Your task is to copy the stretch of lines in the records below that begins with the line containing "Pantin to Saint-Prix map" and ends with the line containing "Megaphone with We", exactly as written, with nothing added.

■ PROVIDED DATA ■
========
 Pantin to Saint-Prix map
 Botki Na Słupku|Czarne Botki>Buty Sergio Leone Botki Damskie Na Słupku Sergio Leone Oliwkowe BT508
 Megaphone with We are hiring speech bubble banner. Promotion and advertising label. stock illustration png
========
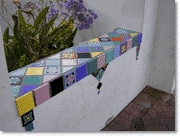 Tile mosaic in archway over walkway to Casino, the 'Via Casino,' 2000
========
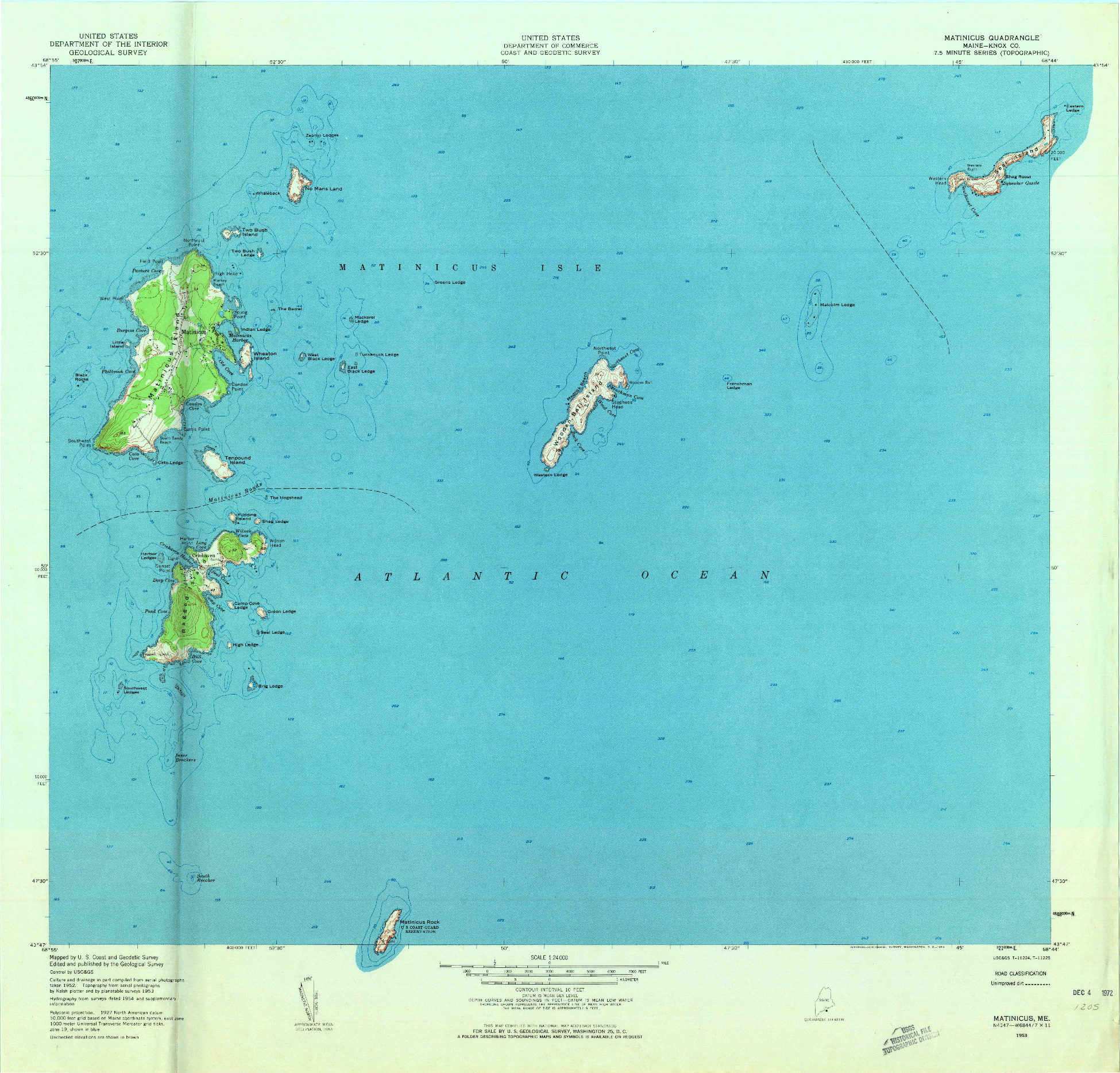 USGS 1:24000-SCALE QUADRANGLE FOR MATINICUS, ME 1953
========
■ WORKED SOLUTION ■
 Pantin to Saint-Prix map
 Botki Na Słupku|Czarne Botki>Buty Sergio Leone Botki Damskie Na Słupku Sergio Leone Oliwkowe BT508
 Megaphone with We are hiring speech bubble banner. Promotion and advertising label. stock illustration png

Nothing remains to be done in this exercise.